Could you please output all of the data exactly, without the images?

*** Recorded data

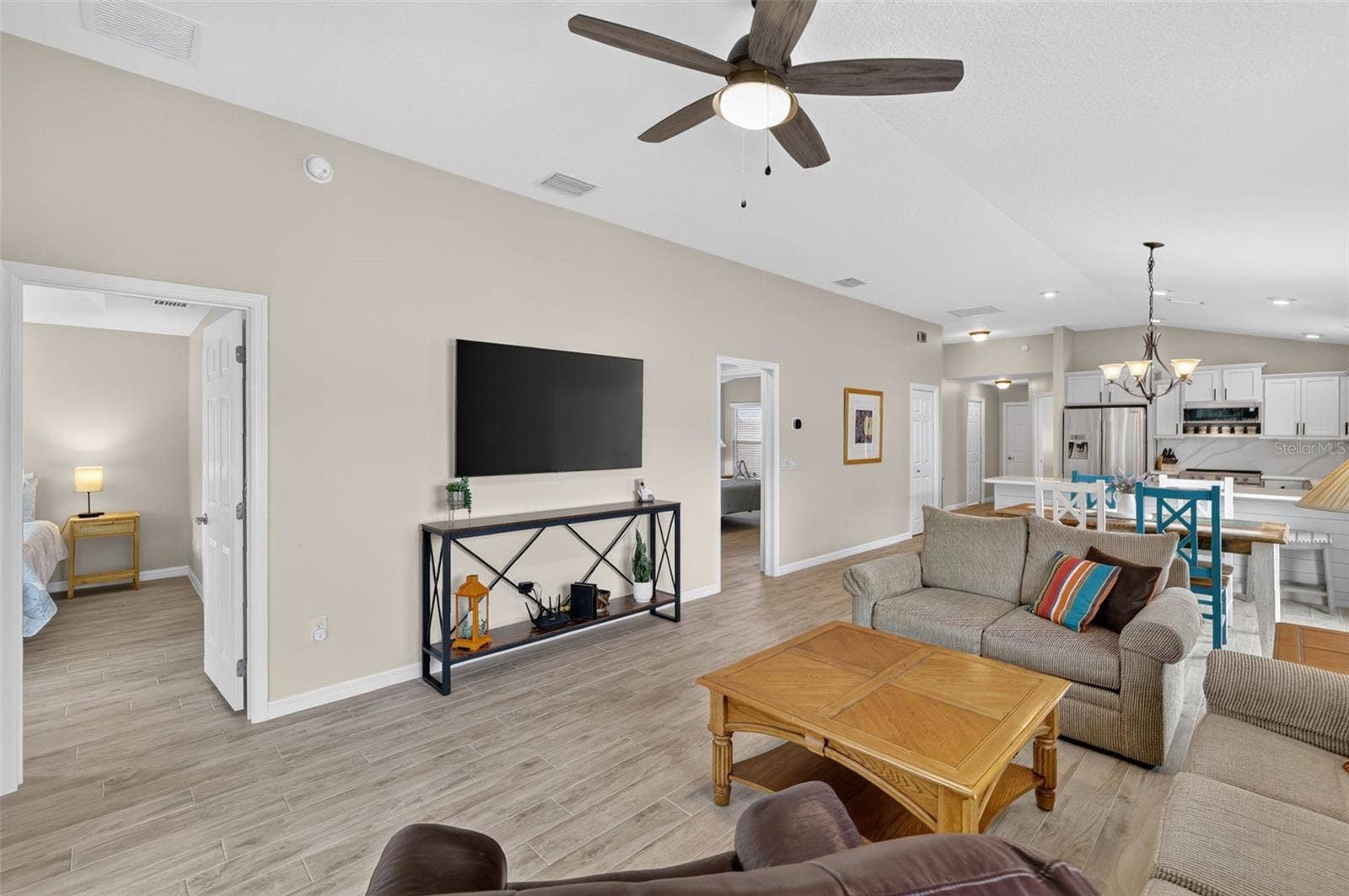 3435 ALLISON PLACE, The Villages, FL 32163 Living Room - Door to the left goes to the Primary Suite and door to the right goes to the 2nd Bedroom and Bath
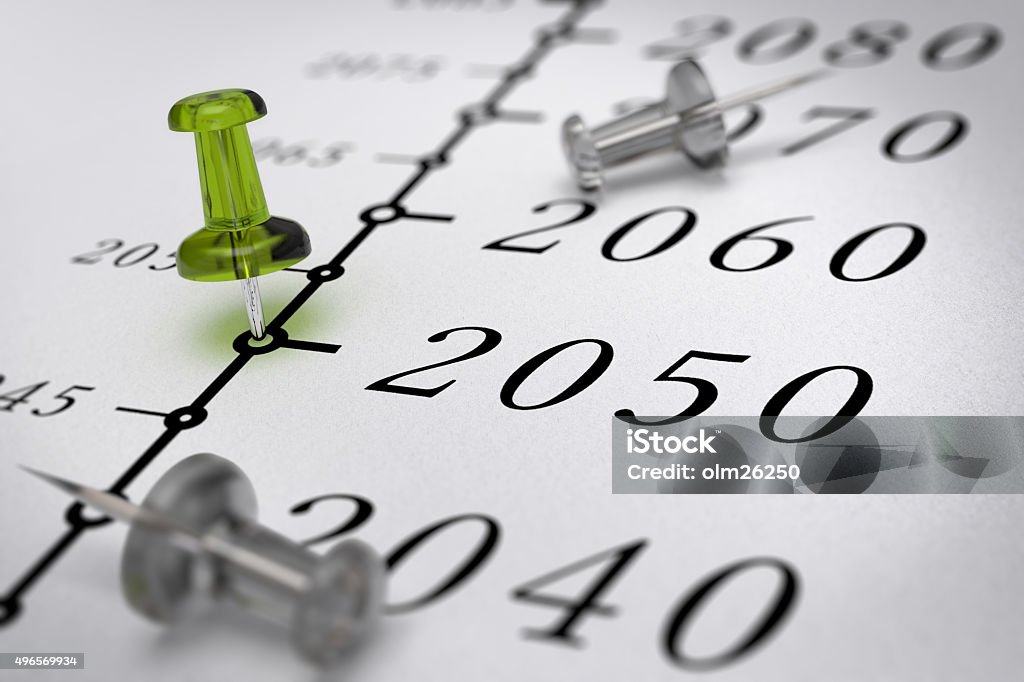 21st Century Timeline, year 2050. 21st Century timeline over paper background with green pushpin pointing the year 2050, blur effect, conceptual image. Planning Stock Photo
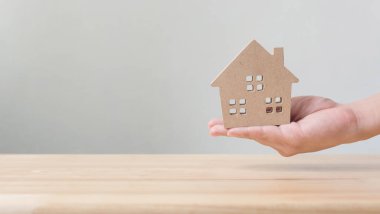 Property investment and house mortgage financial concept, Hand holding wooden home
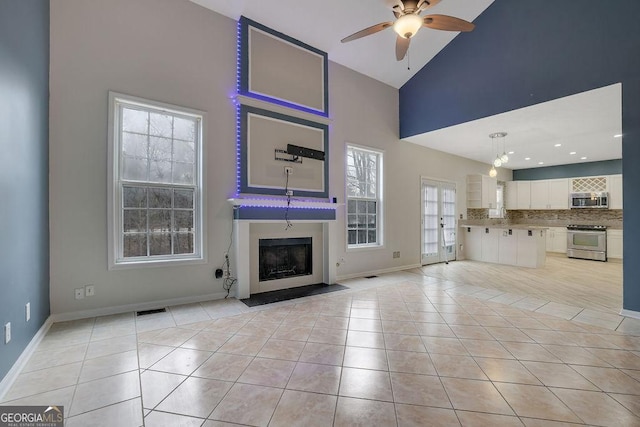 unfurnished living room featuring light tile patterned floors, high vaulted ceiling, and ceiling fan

******

## Response to the exercise:
 3435 ALLISON PLACE, The Villages, FL 32163 Living Room - Door to the left goes to the Primary Suite and door to the right goes to the 2nd Bedroom and Bath
 21st Century Timeline, year 2050. 21st Century timeline over paper background with green pushpin pointing the year 2050, blur effect, conceptual image. Planning Stock Photo
 Property investment and house mortgage financial concept, Hand holding wooden home
 unfurnished living room featuring light tile patterned floors, high vaulted ceiling, and ceiling fan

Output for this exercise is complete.